Photo of Dessie EllisDessie Ellis (Dublin North West, Sinn Fein) | Oireachtas source

In the five years since this Government took office, private residential rents have increased by a staggering 35%. Rents have increased by 10.3% this year. This is not just causing severe hardship but is pushing families and single people into homelessness. It is for this reason that more people are becoming homeless each month. The housing shortage is the reason they stay homeless. Rent costs are the reason they end up being homeless. I have been asked for help by the parents of young children and young single people - both working and unemployed - who were fighting to hold back the tears as they presented me with letters from their landlords informing them of rent increases. Their incomes are down and the standard of their accommodation is low but the price goes up continually because landlords know they can do this. Those to whom I refer are tired of being kicked around and treated like dirt.

The only solution is to regulate the private rented market, thereby controlling rent levels now and into the future in order to ensure fairness. Sinn Féin has long called for such measures. I was pleasantly surprised when the Minister for the Environment, Community and Local Government said he wanted rent freezes to be put in place. That was 11 months ago, which was already very late in the day but at least it was something. Unfortunately, this has come to nothing and it seems clear that Fine Gael is not willing to concede any ground. It stands by the landlords.

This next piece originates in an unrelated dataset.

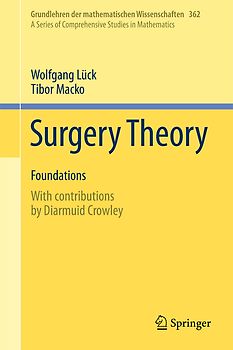 Surgery Theory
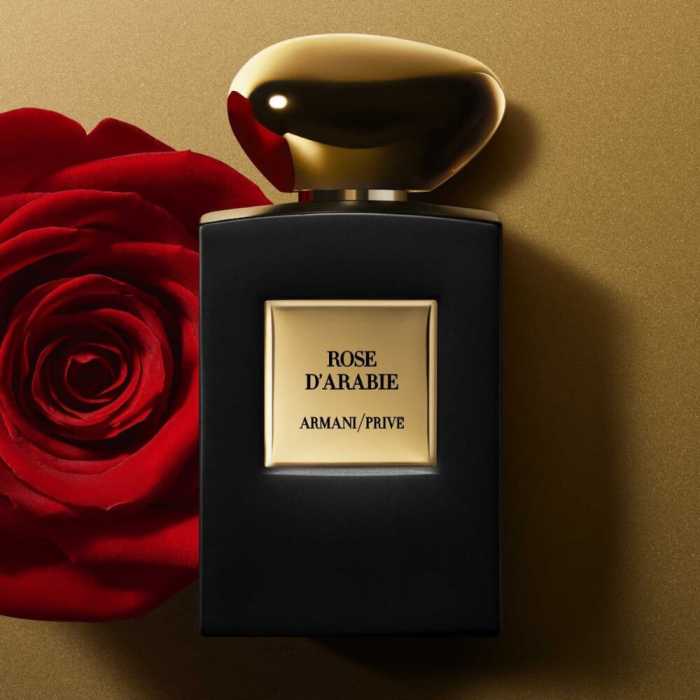 Giorgio Armani Prive Rose D'Arabie Unisex Parfüm Edp 100 Ml - 2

The proposals from the Government that are being floated in the media are nothing short of pathetic. Rent regulation can work if it is properly and strictly implemented across the private rental market. It will do nothing if it is piecemeal and both Fine Gael and the Minister know that. One proposal was to put in place rent certainty on rent supplement tenancies, thereby limiting future increases available to landlords. This would only increase the number of landlords refusing rent supplement tenants and reinforce the two-tier housing system built by Fianna Fáil and continued - with gusto - by this Government. Another proposal was to increase the eviction notice period, which would do little or nothing for tenants who cannot afford their rent as that would be seen as a break in the tenancy agreement. It also fails to recognise that most tenants are not in their homes for such long periods due to the instability of the private market. A few weeks more for the few tenants with tenancies of five years or more who are being evicted does practically nothing. Requiring landlords to justify rent increases based on the market rate is another nonsensical idea and it is really just a rewording of the existing rules, which do nothing but which can be spun to sound like something.

The solution is not just rent certainty across the board to limit future increases but control measures to decrease rents right now. The Private Residential Tenancies Board should be empowered to set local standard rates with a maximum deviation based on the size of the accommodation. These standards could be imposed by existing tenants via a rent review request when one becomes available and new tenancies would be required to meet these standards immediately. Berlin has implemented a similar model with great success and there has already been a decrease of approximately 5% in rents in the city. Rents are too high now. If they were frozen, they would still be too high next year. This is the reality for all tenants in Ireland, especially those in our capital. It is up to the Government to solve this. It is not just about building homes next year. By then, many more families will be homeless, rents will have increased again and the cost of homelessness will have risen also.